GREFFIER : Sabrina WITTMANN, Greffier aux débats et Nathalie LEONARD Greffier à la mise à disposition au greffe
PARTIES :
DEMANDERESSE
Madame [E] [G] épouse [M]
née le 11 Mars 1937 à [Localité 15], demeurant [Adresse 7] – [Localité 17]
représentée par Maître Aubin LEBON de la SCP LEBON & ASSOCIÉS, avocats au barreau de NANCY, avocats plaidant, vestiaire : 006
DEFENDEURS
Monsieur [A] [C]
né le 05 Novembre 1955 à [Localité 13], demeurant [Adresse 6] – [Localité 17]

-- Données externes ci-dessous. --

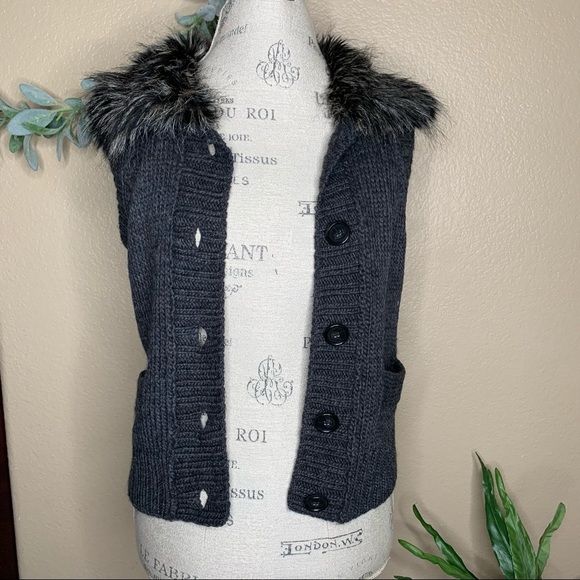 Loft ~ Sweater Vest with Faux Fur Collar - Picture 6 of 9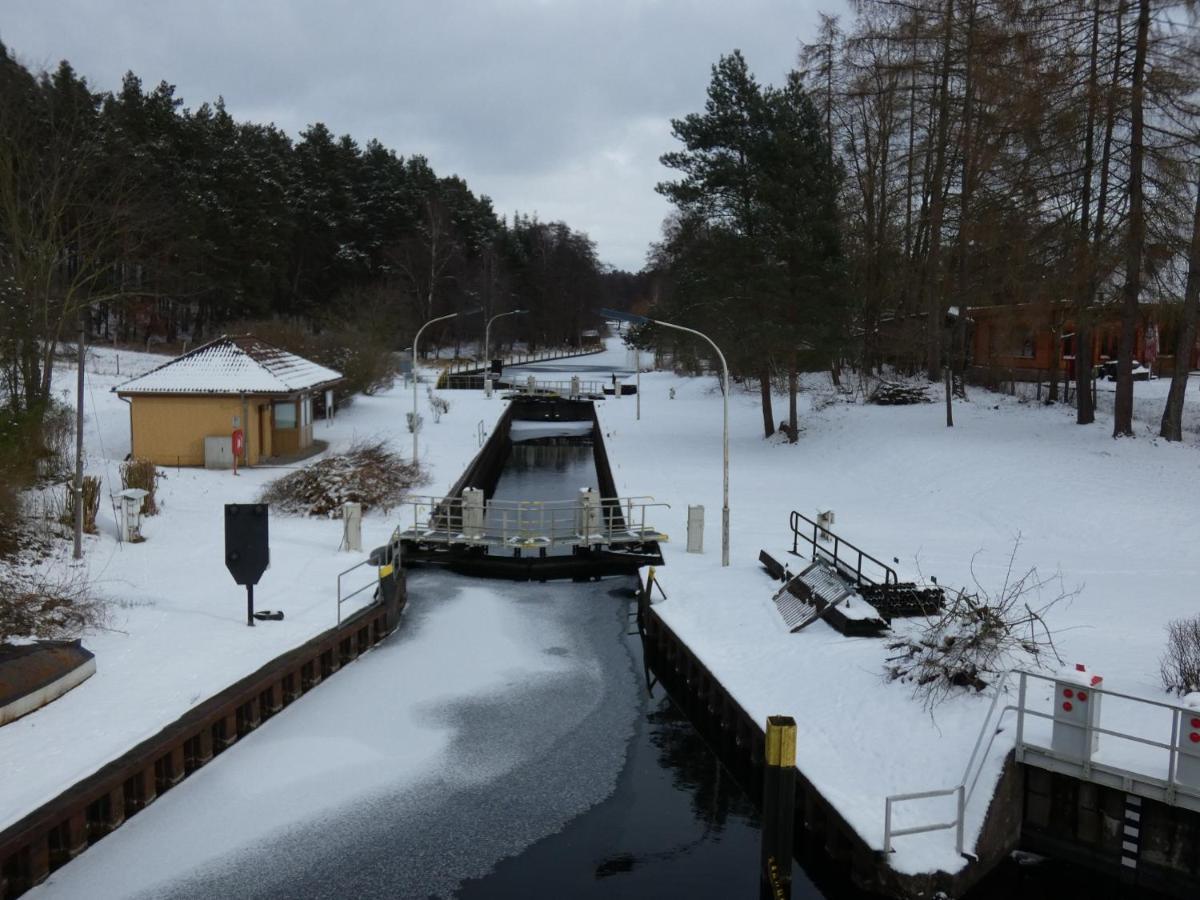 Apartmán Ferienhaus Mit 2 Fewo In Mecklenburg Wesenberg Exteriér fotografie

représenté par Me Jean-marc ROMMELFANGEN, avocat au barreau de NANCY, avocat plaidant, vestiaire : 68
Madame [V] [X] épouse [C]
née le 15 Octobre 1951 à [Localité 14], demeurant [Adresse 6] – [Localité 17]
représentée par Me Jean-marc ROMMELFANGEN, avocat au barreau de NANCY, avocat plaidant, vestiaire : 68
Clôture prononcée le : 14 mai 2024
Débats tenus à l’audience du : 17 Octobre 2024
Date de délibéré indiquée par le Président : 27 Mars 2025
Jugement prononcé par mise à disposition au greffe du 27 Mars 2025
le
Copie+grosse+retour dossier :
Copie+retour dossier :
EXPOSE DU LITIGE :
M. [O] [M], qui est décédé le 28 juin 2006, et son épouse, Mme [E] [M], étaient propriétaires sur la commune de [Localité 17] (54), de plusieurs parcelles cadastrées section B n°[Cadastre 9], [Cadastre 10], [Cadastre 11], [Cadastre 1] et [Cadastre 2] au lieu-dit [Adresse 18], section C n°[Cadastre 4] au lieu-dit [Adresse 16] et section AD n°[Cadastre 3] au lieu-dit [Adresse 12].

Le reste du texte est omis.